The Impact of Estrogens on Resting Energy Expenditure
Scientists are fascinated with estrogen’s influence on various physiological processes within human beings.
One area that has garnered much interest recently is estrogens’ effects on resting energy expenditure (REE).
REE is essential in supporting weight maintenance and energy balance. As it measures resting metabolic rate at rest, REE plays a significant role in keeping an ideal energy balance that allows healthy weight management.
Studies have uncovered an intricate relationship between estrogens and REE.
Estrogens appear to exert direct influences over mitochondria – the powerhouses of our cells – by changing how efficiently they convert nutrients to energy and create vitality for life.
Additionally, estrogen receptors have been observed in numerous tissues including fat tissue, skeletal muscle and the liver – suggesting estrogen’s importance in managing metabolism.

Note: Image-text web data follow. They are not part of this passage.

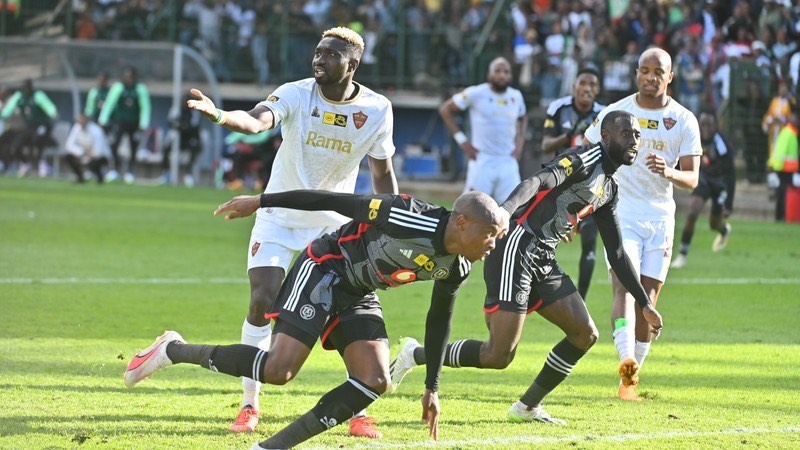 Orlando Pirates vs Stellenbosch FC in the first leg of the MTN8 Cup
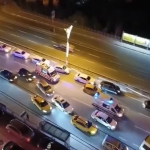 Otomobil belediye otobüsüne çarptı: 1 ölü, 3 yaralı
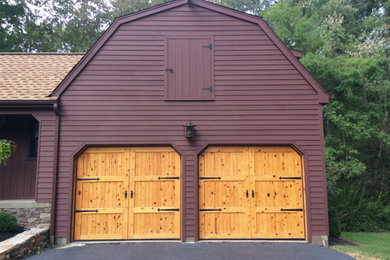 Bild på en mellanstor lantlig tillbyggd tvåbils garage och förråd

Understanding the intricate relationship between estrogens and REE is both scientifically interesting and potentially therapeutically significant, providing crucial insight into their scientific mechanisms as well as offering potential treatment benefits.

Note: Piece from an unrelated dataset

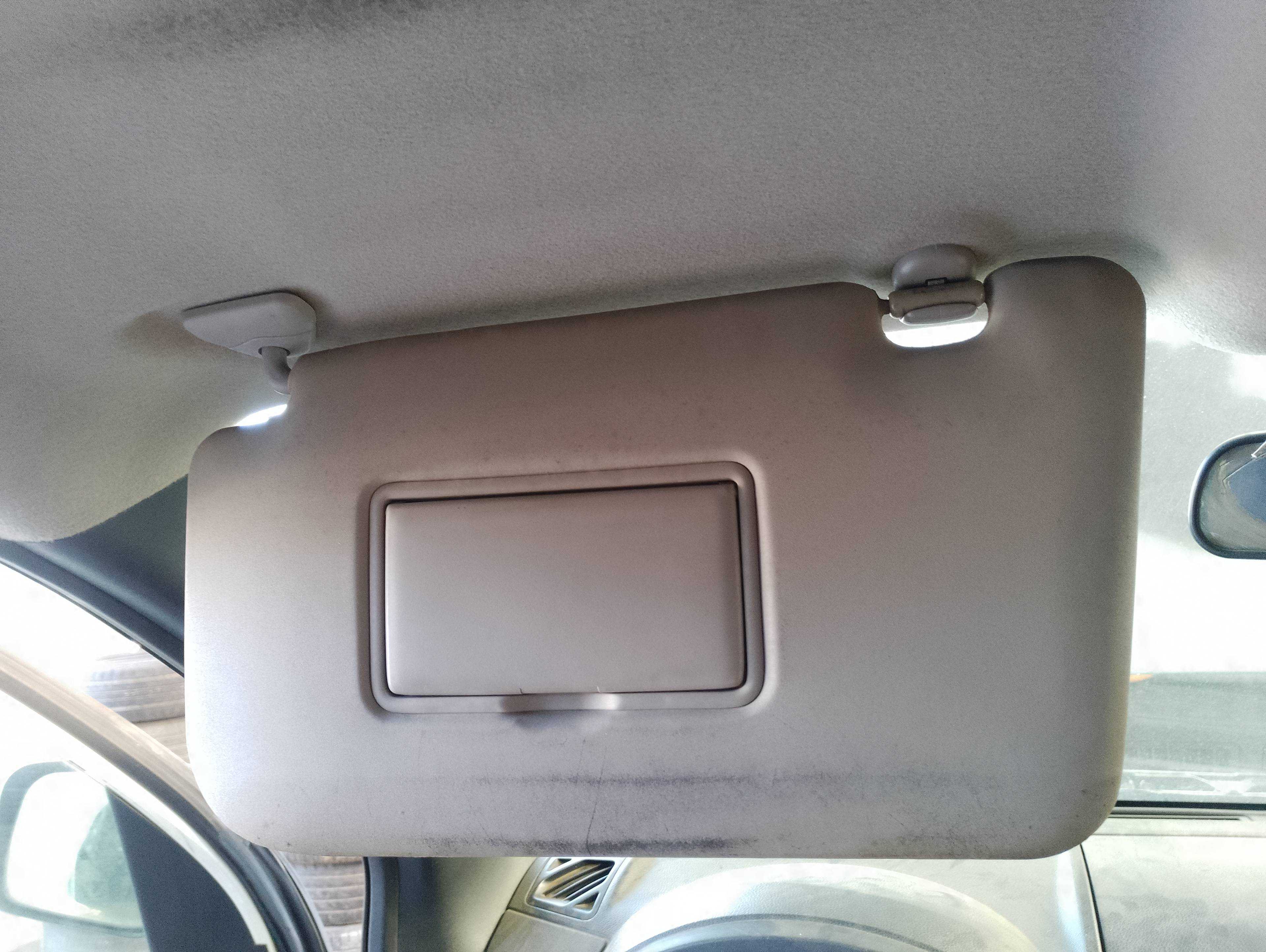 Recambio de parasol izquierdo para nissan x-trail (t31) le referencia OEM IAM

Research in this area could open doors for developing innovative interventions to manage conditions such as obesity and metabolic disorders, offering hope of a healthier tomorrow.
Scientists continue to gain more insights into estrogens’ effect on REE, making it evident that these hormones possess vast potential to advance our knowledge about metabolism and body functioning.
What is Estrogen?
Estrogen plays an essential role in women’s reproductive and breast health as well as cognitive functioning and bone strength.
Ovaries, adrenal glands, and fat tissues in both males and females produce estrogen; its levels tend to spike during puberty, pregnancy, and menopause.
Women produce three forms of estrogen (estrone, estradiol, and estriol) during each reproductive menstrual cycle that peak and fall over time.
Each type has its own configuration or number of atoms that enable it to interact with receptors throughout its body and activate specific cells as needed.
Estrogen works together with progesterone to regulate uterine lining before menstruation begins and placental development during gestation while simultaneously creating secondary sexual characteristics in girls and decreasing male pattern hair formation in boys.
Women who have higher estrogen levels often enjoy lower cholesterol levels and have a reduced chance of heart disease compared with women who don’t produce as much estrogen, likely as a result of estrogen’s influence on your blood vessels; it lowers “bad” LDL cholesterol while simultaneously raising “good” HDL levels.
Men, trans-women, children, and postmenopausal women all produce estrogen via adrenal glands, liver tissue, and fat tissue.
Estrogen can also come from food sources like vegetables containing phytoestrogens such as daidzein, genistein, and miroestrol; plus fortified products (like soy) with additional estrogen levels (for instance).
Estrogen can be prescribed as part of hormone therapy to those born male who wish to transition, in combination with anti-androgenic treatments, in order to achieve female gender identity transition.
Administration can include taking tablets orally; being given injections; patch or gel application or inserting slow-release suppositories under the vagina.
Estrogen as an Agent in Metabolism
Estrogen plays an essential part in female reproduction as well as multiple metabolic processes affecting muscle, fatty acid, and bone health, cardiovascular system functioning, and overall cardiovascular wellbeing.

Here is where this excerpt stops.